Ils marchent aujourd’hui pour dire «basta» à la hogra et interpeller le gouvernement sur cette situation. Près d’un million de participants sont attendus aujourd’hui à cette manifestation. Décidée par le Comité national pour la défense des droits des chômeurs (Cnddc), cette marche se veut pacifique pour revendiquer leurs droits sociaux. L’emploi figure en tête de liste de la plate-forme des revendications. Certaines parties veulent politiser cette action en évoquant le départ du Premier ministre, Abdelmalek Sellal, et la sécession entre le Nord et le Sud. Face à ces rumeurs, il risque d’y avoir des infiltrations.
Ce qui inquiète sérieusement l’Exécutif. Afin d’éviter un dérapage, un dispositif sécuritaire impressionnant a été dépêché dans le Sud. En plus des mesures sécuritaires, le gouvernement a dégagé tout un plan «Marshall» pour apaiser la tension au niveau du Sud. Crédits bancaires, salaires, le gouvernement a multiplié les recettes.
Pour parer à la colère de la population du Sud, le Premier ministre a convoqué en urgence, dimanche dernier, un conseil interministériel auquel ont participé les ministres de la Formation et de l’Enseignement professionnels, du Travail, de l’Emploi et de la Sécurité sociale, de l’Energie et des Mines, du Commerce, de l’Agriculture et du Développement rural, ainsi que le P-DG de Sonatrach et le directeur de l’Agence nationale de l’emploi (Anem). Parmi ces mesures figure notamment, la lutte contre les disparités salariales relevées chez les sociétés de sous-traitance.

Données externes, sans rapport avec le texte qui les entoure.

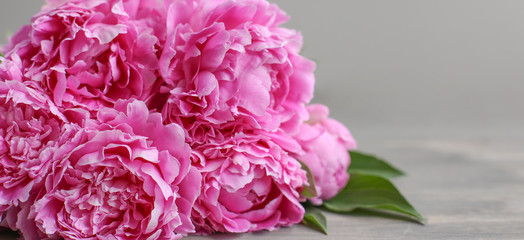 Flowers composition.  Pink peony flowers on wooden background. Mothers day. Flat lay, top view.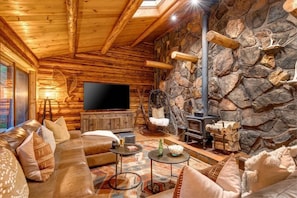 A log cabin interior with a stone wall, wooden furniture, a fireplace, and a television.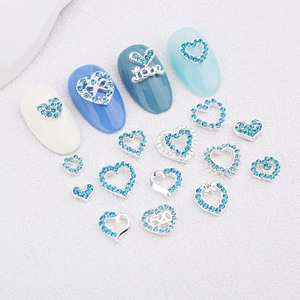 Blue heart nail charms set with silver alloy metal and sparkling rhinestones for manicure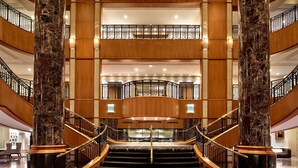 A grand hotel lobby with a central staircase, marble columns, and multiple floors.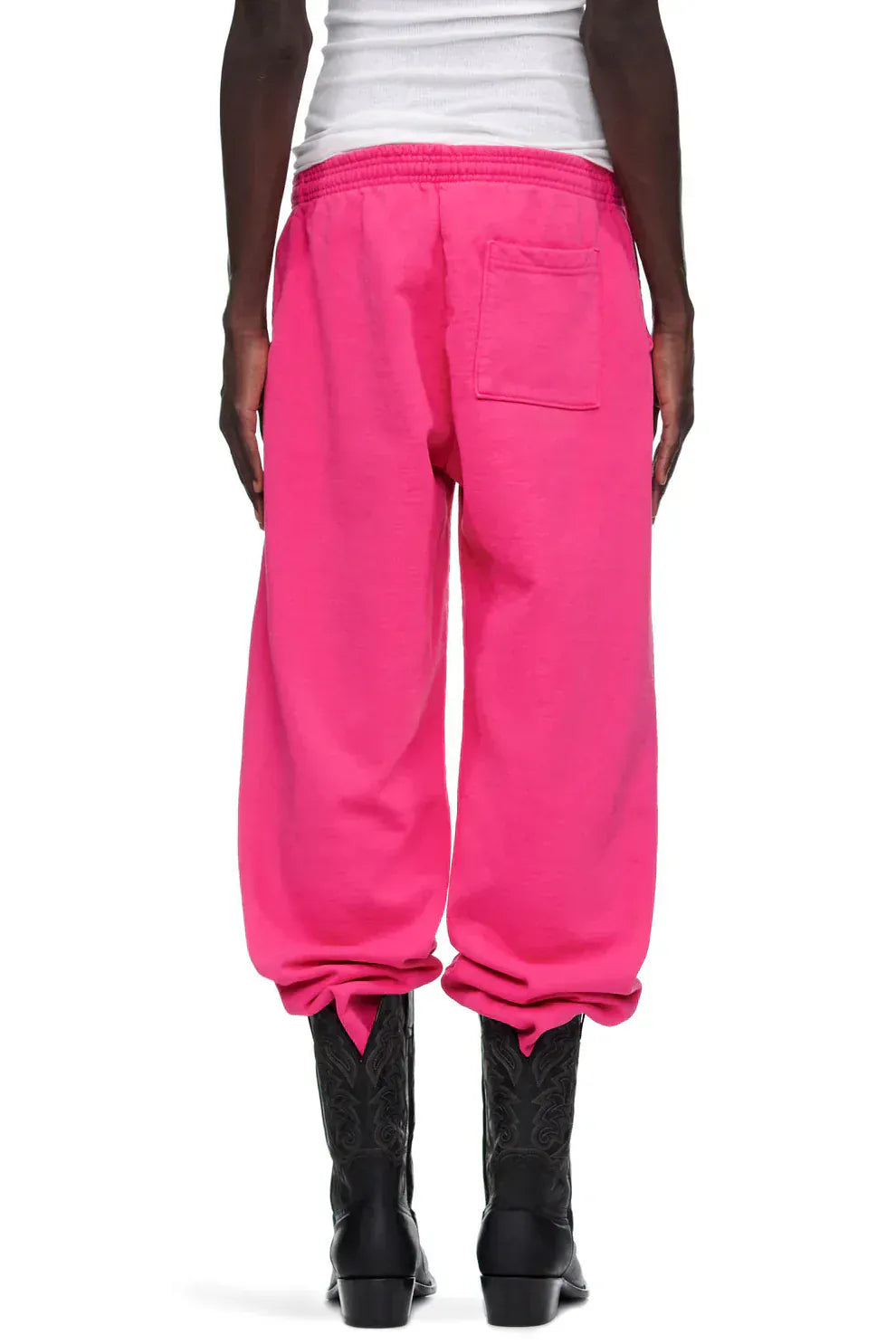 Person shown from the back in Sp5der Sweatpants – Unisex Pink Cotton Wide Leg Sweatpants with graphic logo print, elastic waistband, single back pocket, paired with black boots.
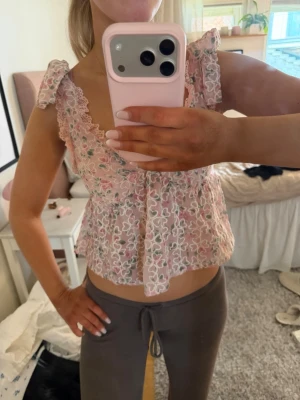 Blommig rosa croppad blus med rosett - Supersöt blommig blus i ljusrosa med volangdetaljer och knytband på axlarna. Croppad modell med v-ringning och spetsdetaljer, perfekt för sommaren. Tunn och luftig, passar till både jeans och kjol.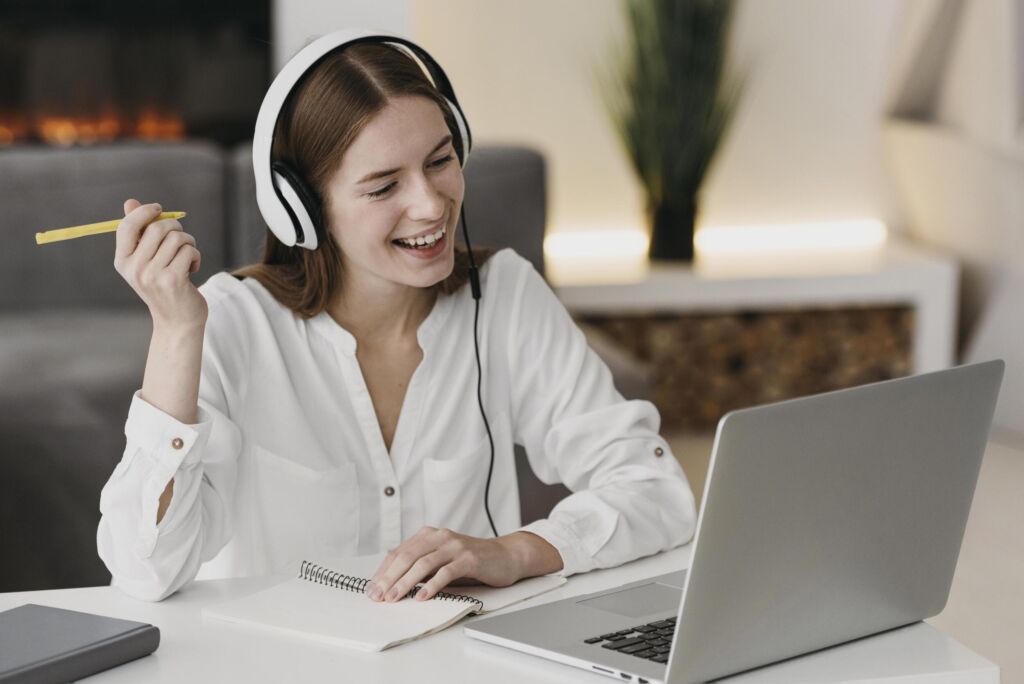 happy-teacher-talking-with-her-students-online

«A l’effet de prévenir toute forme de disparité salariale, les entreprises faisant appel à des prestataires de services pour la réalisation de travaux de toute nature sont tenues d’inclure dans les contrats une clause portant sur l’application d’une grille de rémunérations qui ne saurait être inférieure à 80% de leur grille en vigueur pour des postes similaires», indique une instruction dévoilée par l’APS. Mardi soir, le comité intersectoriel de l’emploi a été mis en place à Ghardaïa. Présidé par le wali, le comité regroupe les directeurs des secteurs de l’emploi, l’énergie et les mines, la formation et l’enseignement professionnels, l’industrie, la PME et la promotion de l’investissement, l’agriculture et le développement rural, le tourisme et l’artisanat, le commerce ainsi que l’inspecteur général de la wilaya, l’inspecteur de wilaya du travail, le chef de l’agence de l’emploi et le chef de l’antenne locale du registre du commerce. S’adressant aux membres du comité, le wali a préconisé une autopsie exhaustive du secteur de l’emploi, «sans complaisance», pour trouver des solutions adéquates répondant aux attentes et aspirations de la population. Le comité, qui doit se réunir chaque dimanche, est appelé à identifier après une minutieuse étude de la situation du développement socio-économique et de l’emploi dans la wilaya, «les points faibles» afin d’apporter des solutions innovantes pour réduire le chômage, a expliqué le wali, M.Ahmed Adli. Par ailleurs, le directeur général de l’emploi et de l’insertion au ministère du Travail, Fodil Zaïdi, a avancé que plus de 4000 recrutements illégaux (qui n’ont pas
transité par l’Anem) ont été enregistrés en 2012 dans les wilayas de Laghouat, Illizi et Ouargla. «Sur ces 4000 recrutements illégaux, 97% proviennent d’autres wilayas», a-t-il déclaré hier, sur les ondes de la Chaîne III de la Radio nationale. Une réalité qui dérange sérieusement les jeunes du Sud qui sont livrés à eux-mêmes. Ce responsable de l’Anem accuse les sociétés pétrolières exerçant dans cette région d’être derrière ces recrutements. Pour sa part, le secrétaire général de l’Union générale des travailleurs algériens (Ugta), M.Abdelmadjid Sidi Saïd, a appelé, hier à Hassi Messaoud, à une plus grande implication des acteurs de la Centrale syndicale à la recherche de solutions efficientes à la question du chômage dans le sud du pays.